Now we need to split the data frame up into 4 portions, one for each core. For this we'll use the array_split() function from NumPy, which does exactly what it says, in this case returning a list of 4 data frames:

In [28]:
planes_split = np.array_split(planes, cores)

Then we distribute the function over each data frame chunk:

In [29]:
split_work = pool.map(
    sum_squares.sum_squares_df,
    planes_split
)

Finally, we can combine the results back into one data frame, using the concat() function:

In [30]:
df = pd.concat(split_work)

We'll also need to clean up after ourselves, because we've opened multiple processes:

In [31]:
pool.close()
pool.join()

Although this is cumbersome, we could convert it to a reusable function:

In [32]:
def parallel_apply(
    df, func, cores
):
    pool = Pool(cores)
    splits = np.array_split(df, cores)
    split_work = pool.map(
        func, splits
    )
    df = pd.concat(split_work)
    pool.close()
    pool.join()
    
    return df

Something to note here is how much extra work we're doing to apply a function in parallel:

  • Split the data frame into N copies
  • Fork 4 new Python processes
  • Run the function N times
  • Concatenate the results back into one data frame
  • Clean up

In other words: you should only do this if the code you're parallelizing is sufficiently time-intensive to make it worthwhile. Otherwise you could easily end up taking more time than you would if you'd remained single-threaded.

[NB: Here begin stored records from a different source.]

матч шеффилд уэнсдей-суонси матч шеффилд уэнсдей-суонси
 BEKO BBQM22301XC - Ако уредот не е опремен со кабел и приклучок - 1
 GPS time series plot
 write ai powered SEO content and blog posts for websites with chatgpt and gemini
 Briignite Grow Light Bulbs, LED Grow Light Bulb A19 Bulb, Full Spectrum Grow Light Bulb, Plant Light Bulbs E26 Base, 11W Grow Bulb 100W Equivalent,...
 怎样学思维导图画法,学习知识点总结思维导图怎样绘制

Note: In general, if you have a substantial amount of data and wish to leverage multiple cores or CPUs, you might be better served investigating a library that is built from the ground up to allow for distributed processing. Dask and PySpark are two possible alternatives in this space.

Plotting in Pandas¶

The Python visualization ecosystem is extensive. You'll come across various libraries such as Matplotlib, Seaborn, Plotly and others. (See the PyViz website for more information on plotting capabilities in Python.)

However, since we are focusing on pandas here, we'll stick with the plotting libraries that are native to that library (which use Matplotlib as a backend).

Fair warning, as we don't have much time this will be a pretty whirlwind tour.

For this we'll use a sample of the Complete Journey data provided externally by 84.51˚:

In [33]:
sales = pd.read_csv("../data/cj_sample.csv")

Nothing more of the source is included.